Portuguese working class calls for an immediate hike in national minimum wage

The communist party and trade unions in Portugal have called for increasing the minimum wages to EUR 850

November 22, 2019 by Peoples Dispatch
minimum wage Portugal
Secretary-General of Portuguese Communist Party, Jerónimo de Sousa, has said that increasing the Salário Mínimo Nacional (national minimum wage) is an emergency. (Photo: PCP)

Following the Portuguese parliamentary elections in October, calls for an immediate rise in the national minimum wage have been intensified by progressive and left sectors of the population. Political parties including the Portuguese Communist Party (PCP), and trade unions like the General Confederation of the Portuguese Workers (CGTP), among others, have demanded a hike from the current minimum wage of EUR 700 euros to a minimum of EUR 850.

Last week, Secretary-General of the PCP and Assembly of the Republic member, Jerónimo de Sousa, demanded in the assembly that the government immediately raise the minimum wages to EUR 850.

“Increasing the Salário Mínimo Nacional (SMN) to EUR 850 is an emergency.
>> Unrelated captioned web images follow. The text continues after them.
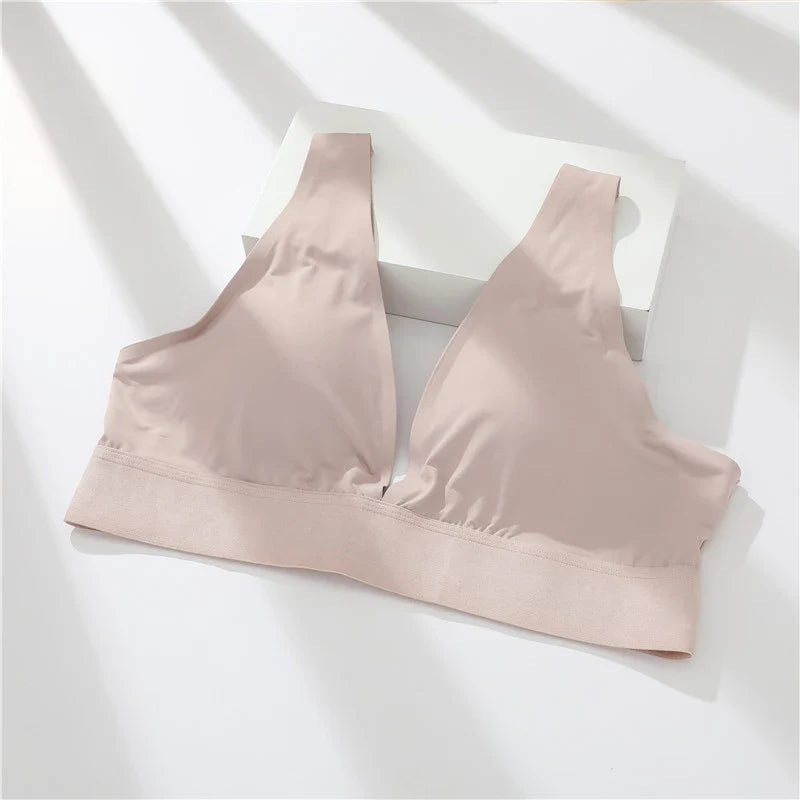 New Women's Bras Seamless Bras For Women Sexy Lingerie Deep V Backless Bralette Intimates Push Up Bra Back Closure Brassiere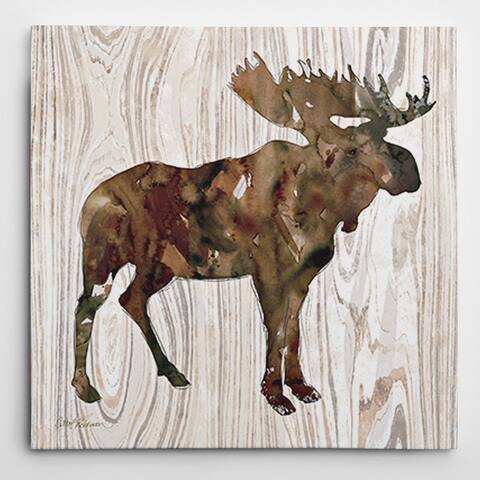 Wexford Home 'Pine Forest Moose' Wrapped Canvas
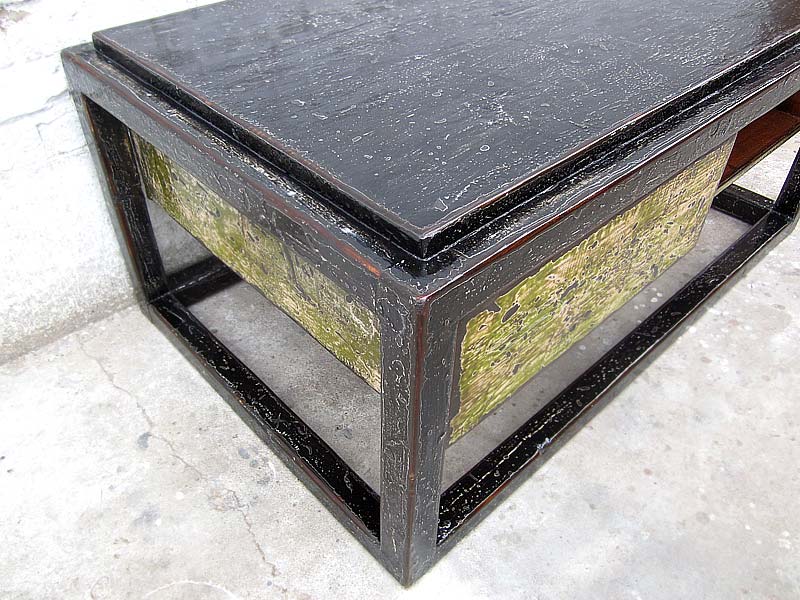 Asien Tisch Sockel shabby chic Pinie schwarz und grün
The national situation and the future of the country pose this need, in addition to a policy capable of guaranteeing full employment and its stability, and a labor legislation that defends and extends workers’ rights and closes the door to widespread precariousness,” he said.

In the first week of November, the CGTP-IN Secretary-General Arménio Carlos also stressed the need for a national minimum wage of EUR 850. 

“If SMN evolved in line with productivity and inflation since 1974 (the year in which it was implemented), it would have a value of EUR 1,137 by 2020. This is a situation to bear in mind, as academic studies state that the adequate income required to live with dignity in Portugal should correspond to a net salary of EUR 1,149 per month,” he claimed.

An editorial in the working class-oriented newspaper Avante also emphasized the fact that the incumbent Socialist Party (PS)-led government’s political choice to maintain the low-wage model, in contrast to the brutal accumulation of capital from the wealth produced by workers, makes the imperative to fight for the general rise in wages even more pressing.